EXERCISE MATERIALS:
....

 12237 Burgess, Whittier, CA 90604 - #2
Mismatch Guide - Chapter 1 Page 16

....

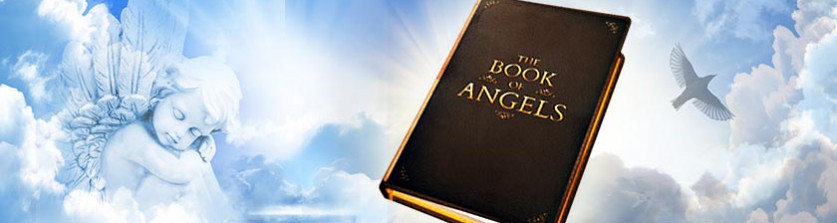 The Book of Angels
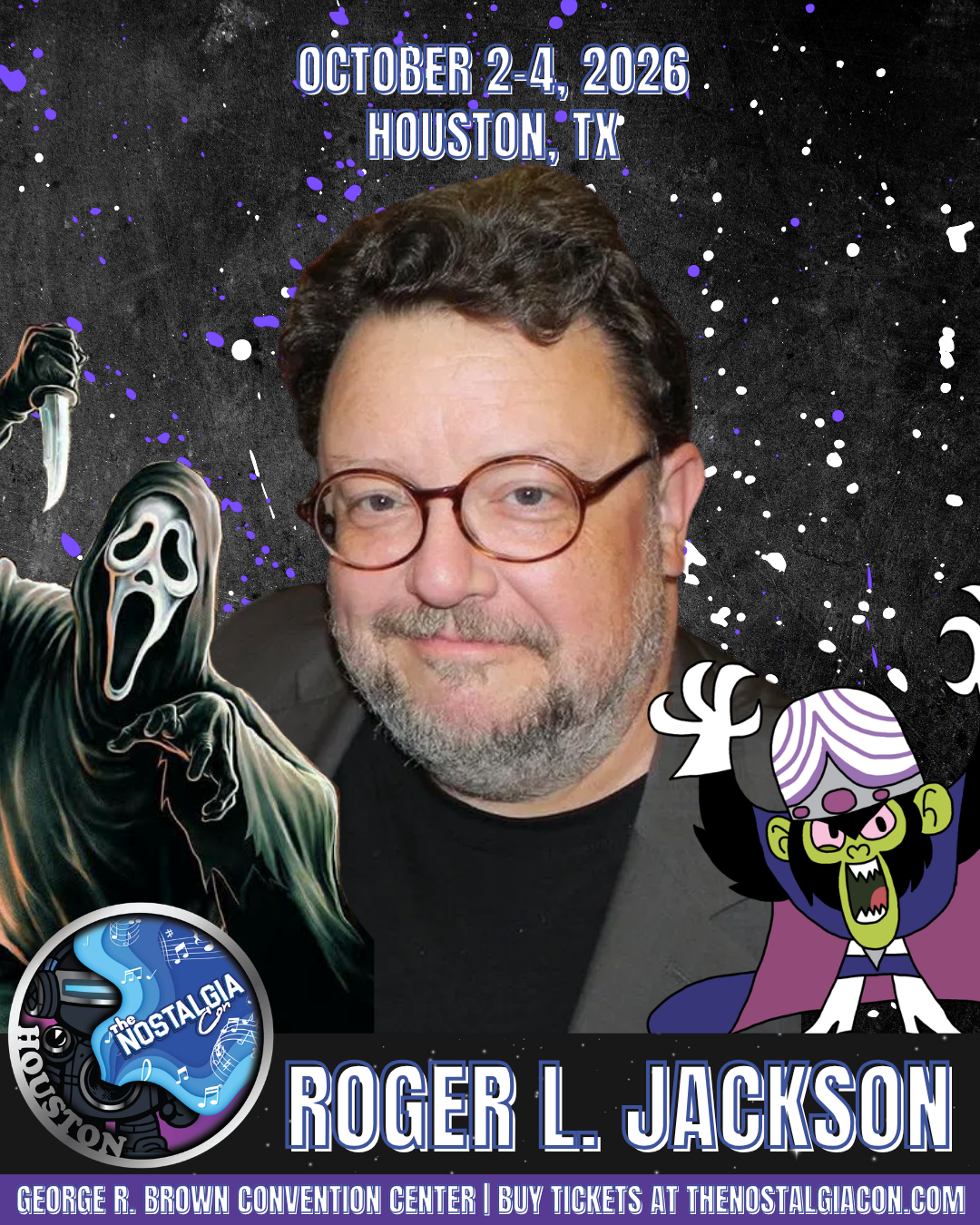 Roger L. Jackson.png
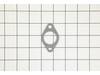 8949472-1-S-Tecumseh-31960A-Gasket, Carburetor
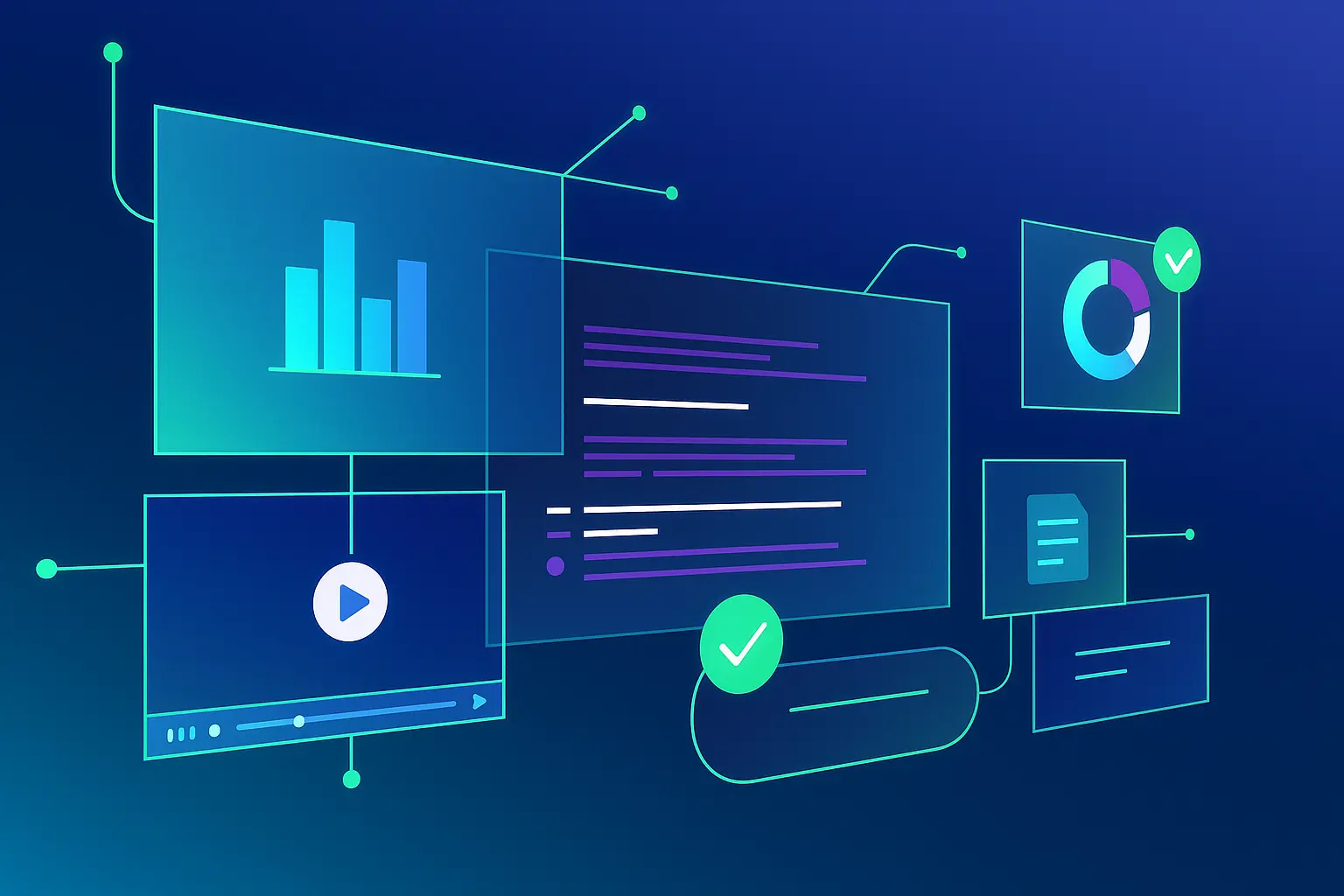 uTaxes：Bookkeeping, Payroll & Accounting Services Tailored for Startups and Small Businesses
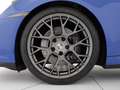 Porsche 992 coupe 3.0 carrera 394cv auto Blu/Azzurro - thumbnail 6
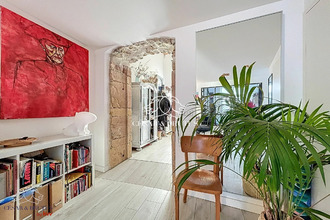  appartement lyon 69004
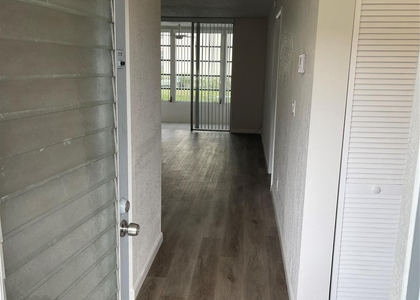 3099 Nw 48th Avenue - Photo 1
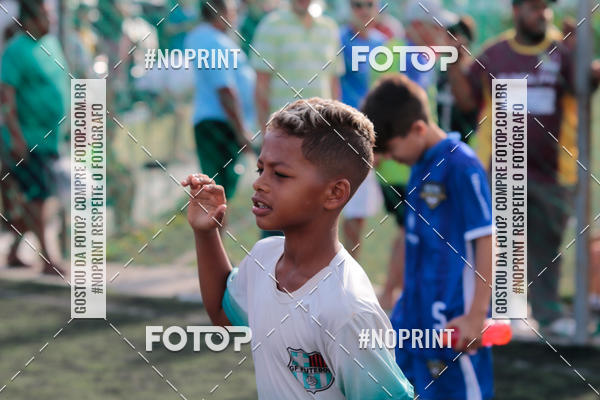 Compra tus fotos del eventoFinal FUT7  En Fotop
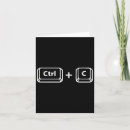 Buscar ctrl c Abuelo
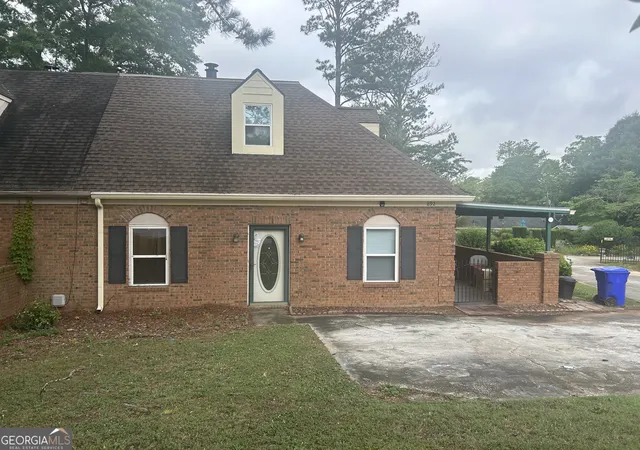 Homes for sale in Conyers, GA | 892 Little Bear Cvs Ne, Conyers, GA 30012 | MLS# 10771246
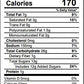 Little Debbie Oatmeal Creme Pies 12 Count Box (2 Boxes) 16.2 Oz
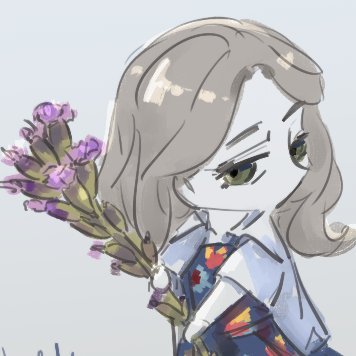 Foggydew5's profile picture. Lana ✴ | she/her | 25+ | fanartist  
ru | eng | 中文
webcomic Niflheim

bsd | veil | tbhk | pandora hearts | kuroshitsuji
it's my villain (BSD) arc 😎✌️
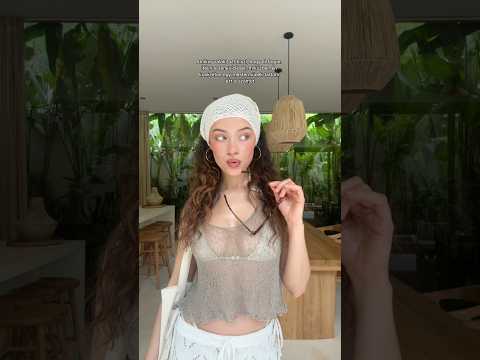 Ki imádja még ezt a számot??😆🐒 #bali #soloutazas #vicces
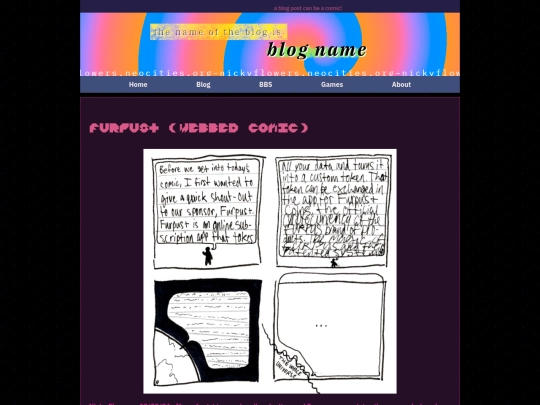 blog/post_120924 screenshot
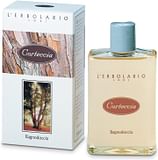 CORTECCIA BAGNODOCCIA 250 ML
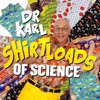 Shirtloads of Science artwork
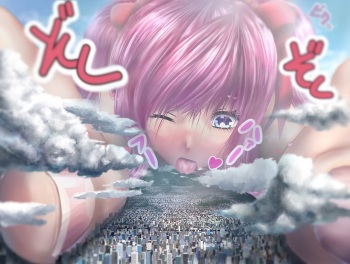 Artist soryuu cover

....

EXERCISE DETAILS:
Look above for the line with "Roger L. Jackson.png" and the line with "Artist soryuu cover". Give again exactly those two lines and all lines between them, pictures excluded.

REPLY:
 Roger L. Jackson.png
 8949472-1-S-Tecumseh-31960A-Gasket, Carburetor
 uTaxes：Bookkeeping, Payroll & Accounting Services Tailored for Startups and Small Businesses
 Porsche 992 coupe 3.0 carrera 394cv auto Blu/Azzurro - thumbnail 6
  appartement lyon 69004
 3099 Nw 48th Avenue - Photo 1
 Compra tus fotos del eventoFinal FUT7  En Fotop
 Buscar ctrl c Abuelo
 Homes for sale in Conyers, GA | 892 Little Bear Cvs Ne, Conyers, GA 30012 | MLS# 10771246
 Little Debbie Oatmeal Creme Pies 12 Count Box (2 Boxes) 16.2 Oz
 Foggydew5's profile picture. Lana ✴ | she/her | 25+ | fanartist  
ru | eng | 中文
webcomic Niflheim

bsd | veil | tbhk | pandora hearts | kuroshitsuji
it's my villain (BSD) arc 😎✌️
 Ki imádja még ezt a számot??😆🐒 #bali #soloutazas #vicces
 blog/post_120924 screenshot
 CORTECCIA BAGNODOCCIA 250 ML
 Shirtloads of Science artwork
 Artist soryuu cover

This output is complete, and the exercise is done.